Don's protective armor is thick. Very rarely do we get a real glimpse into how he feels or what he's thinking, save for moments when he worries that someone is going to discover the truth. Meanwhile, he acts out through alcohol and affairs, and through his work. The surest thing that we know about him, other than that he really doesn't like letting anyone into his life in an authentic way, is that he numbs this aversion through one addiction after another.

Don's is a cautionary tale for pastors. We could almost watch this show as an example of what can happen to people in ministry if they aren't careful. The example is perhaps an extreme one, but there is a lesson to be learned from Don's methods.

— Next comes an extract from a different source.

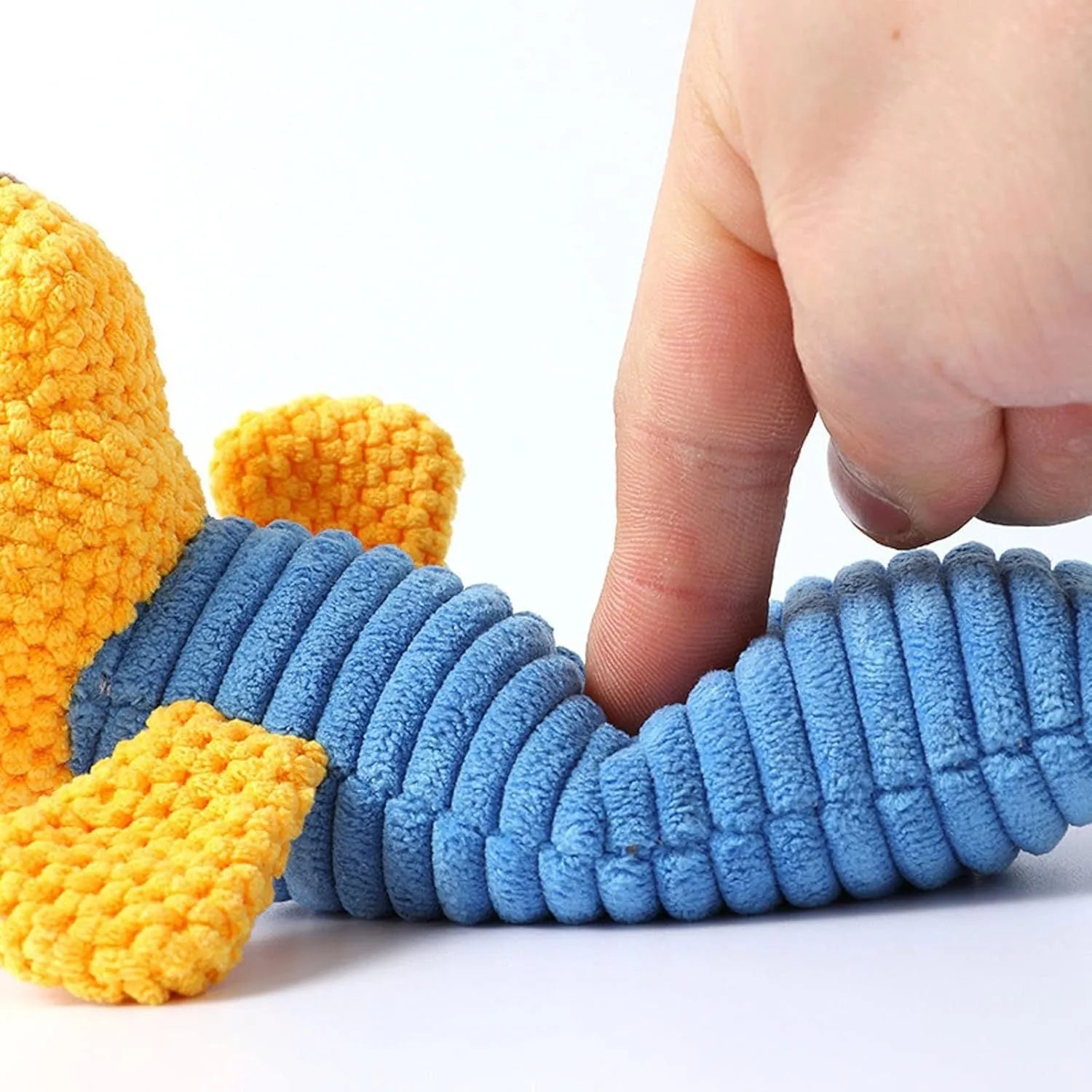 Squeaky plush dog chew toy in calf frog puppy designs for dental cleaning and teeth massage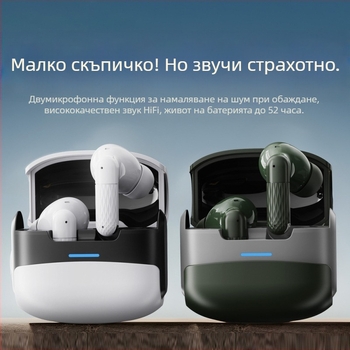 Безжични Bluetooth слушалки W919, истински безжичен стерео звук, двойни микрофони за разговори, Bluetooth 5.4, In-ear дизайн, обхват 15 м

Consider the role of pastor; its expectations and demands. Any basic introduction to boundaries will tell you that the pastor is in a position set apart from those he or she serves. This is not to say that pastors are above the people they are called to serve, but that the pastoral position comes with power and a certain amount of distance. Make no mistake that we pastors are called to be genuine with our congregation, but also aware that we play a role in the church that is relationally different from member-to-member interaction. Difficult moments call for a certain professional approach; rarely, if ever, are we allowed to "bleed on the congregation," as it were. We are encouraged to go elsewhere for such outlets, be it a counselor, spiritual director, or peer group.

The difference between intentionally seeking and not seeking these outlets can be huge. If we are not intentionally, actively sharing and processing our struggles, our "hidden selves," with others, the possibility of acting out in unhealthy ways--particularly among our congregants--increases. The chances of engaging in unethical or abusive behavior are greater if we stay inside our shells, protecting ourselves against any kind of appropriate vulnerability, insisting that we can handle it or that it'd be better for everyone if we just figure things out by ourselves.

This is a growth area for me. For the longest time, I was a very self-reliant person. Even though I like to think that I've made progress over the past year or two, I still fight a tendency to just deal with problems on my own. When I was a solo pastor, this tendency only increased. Thankfully, I never acted out in harmful ways among my people, but there was still damage done in other ways. And now that I realize the importance of letting down my guard and sharing myself where appropriate, I think that I and the people around me are better off.

The most recent season of Mad Men showed the beginning of Don's own shedding of armor. By the end, he displayed a much greater willingness to share his past, his true identity, with his family and co-workers. It brought a cost, but the desire for liberation had finally become greater than the desire to hide. Would that we pastors would also pursue the former over the latter.